Nah. I had them turned at PepBoys for $8 a piece. I measured the runout afterwards and found 0.006" and 0.012"! I complained to the service manager and he refunded my money (he then tried to sell me new rotors ... because THEY just ruined them







http://****************.com/smile/emthdown.gif ). Anyway, I put the rotors on the car and it stops smooth as silk now. http://****************.com/smile/emthup.gif


----------



## Pronstar (Oct 25, 2005)

*Re: (VgRt6)*

Could have been an uneven transfer layer of pad material. Turning them would remove the transfer layer entirely, curing the shimmy.


----------



## machschnelGTI (Jun 28, 2004)

*Re: (Pronstar)*

Brake rotor Warpage 101:
Most of the time people think that they have warped rotors when they experience a pedal vibration. Pedal vibrations are caused by thickness variations in the rotor, not runout. Excessive runout can cause a steering wheel vibration, but usually not unless its very excessive, like 0.020 or more. Very seldomely are pulsations/vibrations caused by the quality of the part, but usually by the quality of the installation.
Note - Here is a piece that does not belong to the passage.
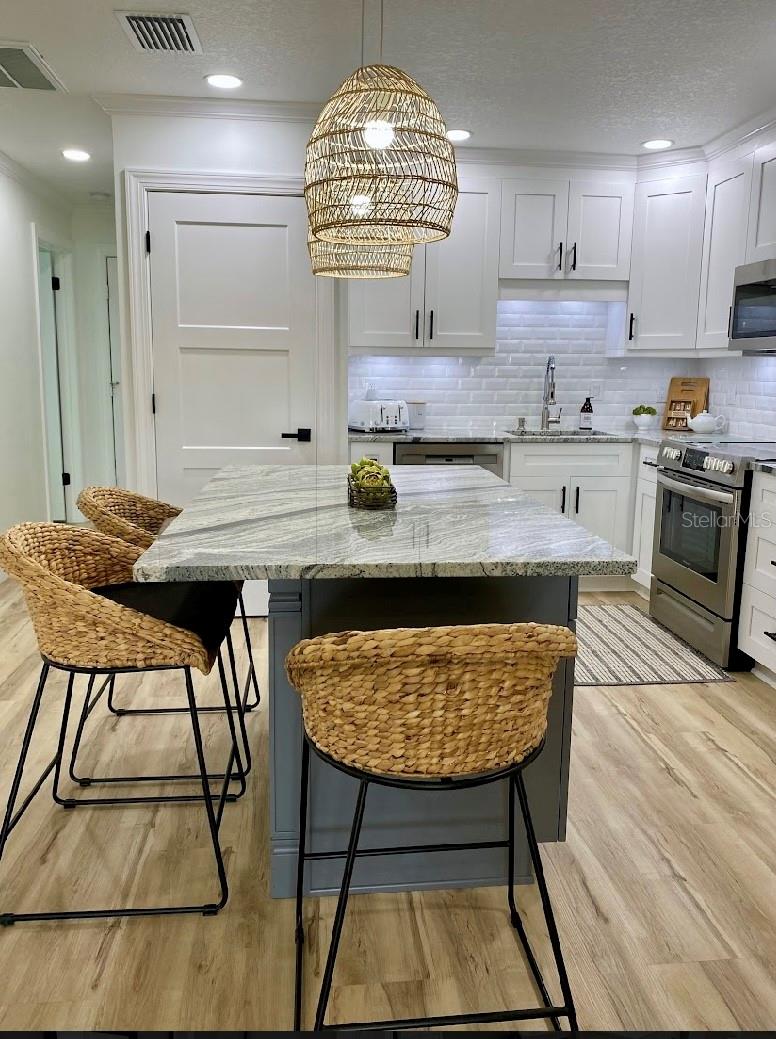 YARDARM CONDO PH I - Residential Lease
Steering vibrations are usually a result of worn front end steering/suspension components, and an excessive alignment change when the brakes are applied.
When a new rotor is installed on the car, runout needs to be measured. You must measure the installed runout. Measuring rotor runout off the car, like on a brake lathe, does nothing to help us....neither does machining a rotor on a conventional brake lathe. Every rotor is going to have a slight bit (.001 or less) of runout machined in to it due to manufacturing tolerances....this is fine. Hubs also generally will have a little runout in them. The key is to orient the rotor on the hub so that the runouts of each component cancel each other out. If the hub has rust and dirt on it, this will cause problems. When the rotor is installed, Runout must be less than .002". It also wouldn't hurt to put a coat of high temp grease or anti-seize on the hub surface so that that rust does not develop over time and jack the rotor away from the hub, causing runout. 
In order to have pedal vibration, the rotor needs to somehow cause hydraulic feedback to the master cylinder. Runout will not cause this except in some opposed piston fixed caliper applications that have a relatively small crossover orifice. On a floating caliper application (like all single piston VW applications) the caliper will simply float back and forth following the rotor as it wobbles. When you release the brakes, the rotor will still make slight contact the pads on the the high spots on either side of the rotor, which, depending on what type of pad you are using will either wear the rotor slightly or build up friction material transfer on only the high spots on either side of the rotor. Depending on the severity of the runout condition, this will usually turn into a disc thickness variation in 5 or 6K miles. A thickness variation will not only cause the caliper to float back and forth, but will also push the piston back into the caliper and allow it to return back out (the distance is the same as the thickness variation in the rotor), which makes for hydraulic feedback resulting in a pedal pulsation. 
Machining a rotor on a conventional brake lathe will accomplish only two things: Provide a flat mating surface for the brake pads and eliminate disc thickness variation. 
What it will not do in most cases is eliminate runout, unless the operator actually knows what he or she is doing and uses a dial indicator when chucking up the rotor on the lathe. To do this properly, you need to set the rotor runout to .000 on the lathe. This is very difficult to do, even with the proper tools. Even if you get the runout to 0 on the lathe, that will still not compensate for any runout in the hub. The ideal way to machine a rotor is to use an "ON CAR" lathe, which will result in 0 runout and 0 DTV while the rotor is installed on the hub. In cases where the hub has excessive runout, this may be required on even a new rotor to machine out the installed runout that was induced by the bent hub.


----------



## VgRt6 (Mar 8, 2002)

*Re: (machschnelGTI)*

http://****************.com/smile/emthup.gif 
Cool. That means PepBoys refunded my money for no good reason.


----------



## machschnelGTI (Jun 28, 2004)

*Re: (VgRt6)*

It'll work fine for a while and then start vibrating again.


----------